*** Opening Exercise materials ***
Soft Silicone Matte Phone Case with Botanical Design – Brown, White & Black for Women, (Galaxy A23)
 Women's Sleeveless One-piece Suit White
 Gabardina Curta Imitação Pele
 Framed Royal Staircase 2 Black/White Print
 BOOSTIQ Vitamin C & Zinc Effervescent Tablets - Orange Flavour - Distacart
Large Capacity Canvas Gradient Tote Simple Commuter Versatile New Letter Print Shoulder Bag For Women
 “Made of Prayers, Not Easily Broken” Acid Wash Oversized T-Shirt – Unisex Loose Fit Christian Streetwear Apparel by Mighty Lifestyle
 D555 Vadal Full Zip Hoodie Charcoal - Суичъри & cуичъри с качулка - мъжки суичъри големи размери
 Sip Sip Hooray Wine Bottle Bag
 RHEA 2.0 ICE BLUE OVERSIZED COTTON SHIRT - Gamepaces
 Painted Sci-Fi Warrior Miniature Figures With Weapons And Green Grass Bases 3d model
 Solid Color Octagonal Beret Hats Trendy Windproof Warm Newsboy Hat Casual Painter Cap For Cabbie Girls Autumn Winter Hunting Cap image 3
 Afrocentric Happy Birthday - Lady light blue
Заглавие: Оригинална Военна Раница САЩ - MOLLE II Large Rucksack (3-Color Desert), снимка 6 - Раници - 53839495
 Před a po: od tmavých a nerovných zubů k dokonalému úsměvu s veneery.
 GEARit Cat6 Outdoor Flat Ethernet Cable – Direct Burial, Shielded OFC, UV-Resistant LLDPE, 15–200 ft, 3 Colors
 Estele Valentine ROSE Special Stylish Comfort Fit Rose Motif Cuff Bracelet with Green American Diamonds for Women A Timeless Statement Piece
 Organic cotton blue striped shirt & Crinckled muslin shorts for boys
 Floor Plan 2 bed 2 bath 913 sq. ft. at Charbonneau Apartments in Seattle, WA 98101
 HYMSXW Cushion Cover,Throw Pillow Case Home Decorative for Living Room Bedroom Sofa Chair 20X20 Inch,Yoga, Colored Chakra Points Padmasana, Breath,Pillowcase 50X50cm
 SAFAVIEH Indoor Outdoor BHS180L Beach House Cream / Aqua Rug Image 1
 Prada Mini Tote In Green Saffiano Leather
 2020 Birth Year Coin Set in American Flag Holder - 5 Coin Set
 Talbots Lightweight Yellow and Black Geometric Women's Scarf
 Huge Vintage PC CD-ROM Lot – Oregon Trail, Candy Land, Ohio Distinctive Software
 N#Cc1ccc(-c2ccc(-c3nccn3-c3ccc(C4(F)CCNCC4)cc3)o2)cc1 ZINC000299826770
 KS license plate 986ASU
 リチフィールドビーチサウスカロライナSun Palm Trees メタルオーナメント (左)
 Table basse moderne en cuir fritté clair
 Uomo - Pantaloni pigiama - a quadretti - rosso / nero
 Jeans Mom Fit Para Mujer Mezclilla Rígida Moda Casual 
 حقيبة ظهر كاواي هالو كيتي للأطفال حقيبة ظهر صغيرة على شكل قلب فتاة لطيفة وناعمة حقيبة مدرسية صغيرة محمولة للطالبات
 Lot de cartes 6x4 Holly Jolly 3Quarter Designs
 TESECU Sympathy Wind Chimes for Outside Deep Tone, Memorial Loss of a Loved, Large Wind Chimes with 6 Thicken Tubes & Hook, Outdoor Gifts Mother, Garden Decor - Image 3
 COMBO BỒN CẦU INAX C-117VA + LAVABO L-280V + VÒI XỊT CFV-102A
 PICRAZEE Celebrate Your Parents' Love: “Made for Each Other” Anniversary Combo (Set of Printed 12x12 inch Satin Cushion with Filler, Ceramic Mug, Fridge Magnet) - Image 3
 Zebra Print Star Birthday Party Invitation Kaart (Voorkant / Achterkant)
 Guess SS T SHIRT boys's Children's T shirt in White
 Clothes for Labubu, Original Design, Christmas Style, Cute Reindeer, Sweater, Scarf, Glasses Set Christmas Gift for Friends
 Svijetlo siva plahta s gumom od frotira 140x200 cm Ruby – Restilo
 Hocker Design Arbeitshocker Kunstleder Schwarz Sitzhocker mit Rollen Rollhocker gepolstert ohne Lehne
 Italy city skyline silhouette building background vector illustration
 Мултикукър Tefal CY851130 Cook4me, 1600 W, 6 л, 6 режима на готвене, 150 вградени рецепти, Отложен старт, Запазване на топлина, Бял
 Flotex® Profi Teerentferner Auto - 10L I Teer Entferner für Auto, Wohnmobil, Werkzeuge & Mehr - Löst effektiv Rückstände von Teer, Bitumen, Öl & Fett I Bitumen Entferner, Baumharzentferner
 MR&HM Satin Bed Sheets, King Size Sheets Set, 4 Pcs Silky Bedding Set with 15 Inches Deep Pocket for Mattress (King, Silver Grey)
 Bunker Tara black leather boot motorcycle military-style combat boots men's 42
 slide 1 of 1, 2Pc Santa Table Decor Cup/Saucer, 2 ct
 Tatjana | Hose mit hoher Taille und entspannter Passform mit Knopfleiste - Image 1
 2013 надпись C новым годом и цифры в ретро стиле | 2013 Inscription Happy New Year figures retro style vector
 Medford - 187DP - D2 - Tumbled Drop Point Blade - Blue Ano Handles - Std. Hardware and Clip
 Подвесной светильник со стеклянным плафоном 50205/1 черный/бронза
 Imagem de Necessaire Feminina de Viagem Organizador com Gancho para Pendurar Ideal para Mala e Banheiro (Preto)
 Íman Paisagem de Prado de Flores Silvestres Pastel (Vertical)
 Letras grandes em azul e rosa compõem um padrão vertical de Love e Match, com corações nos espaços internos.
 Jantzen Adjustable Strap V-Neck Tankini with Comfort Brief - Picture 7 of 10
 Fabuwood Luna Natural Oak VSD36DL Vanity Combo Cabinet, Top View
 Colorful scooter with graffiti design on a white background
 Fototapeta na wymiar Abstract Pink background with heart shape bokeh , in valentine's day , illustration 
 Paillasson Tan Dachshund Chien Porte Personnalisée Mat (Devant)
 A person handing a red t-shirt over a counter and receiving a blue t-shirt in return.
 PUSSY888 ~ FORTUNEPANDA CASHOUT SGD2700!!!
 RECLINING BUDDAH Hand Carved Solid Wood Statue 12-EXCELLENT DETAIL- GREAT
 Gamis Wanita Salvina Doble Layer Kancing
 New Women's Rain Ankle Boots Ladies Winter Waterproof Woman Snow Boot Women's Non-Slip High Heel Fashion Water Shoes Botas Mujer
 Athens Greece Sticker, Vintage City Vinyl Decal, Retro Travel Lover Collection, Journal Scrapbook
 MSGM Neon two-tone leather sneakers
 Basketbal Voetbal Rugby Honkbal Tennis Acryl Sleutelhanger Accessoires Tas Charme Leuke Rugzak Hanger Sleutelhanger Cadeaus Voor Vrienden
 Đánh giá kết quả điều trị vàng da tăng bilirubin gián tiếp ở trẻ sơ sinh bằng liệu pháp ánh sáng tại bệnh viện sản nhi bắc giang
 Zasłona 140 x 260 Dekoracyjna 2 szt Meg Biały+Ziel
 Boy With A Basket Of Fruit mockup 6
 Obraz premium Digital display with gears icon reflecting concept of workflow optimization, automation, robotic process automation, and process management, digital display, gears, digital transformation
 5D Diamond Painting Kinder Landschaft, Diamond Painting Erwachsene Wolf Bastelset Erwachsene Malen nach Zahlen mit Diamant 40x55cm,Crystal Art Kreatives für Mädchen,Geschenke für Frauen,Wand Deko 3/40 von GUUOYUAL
*** Closing Exercise materials ***
Your instructions> Copy out, from the listing above, every line that contains the word "Green".

Final answer>
 Painted Sci-Fi Warrior Miniature Figures With Weapons And Green Grass Bases 3d model
 Estele Valentine ROSE Special Stylish Comfort Fit Rose Motif Cuff Bracelet with Green American Diamonds for Women A Timeless Statement Piece
 Prada Mini Tote In Green Saffiano Leather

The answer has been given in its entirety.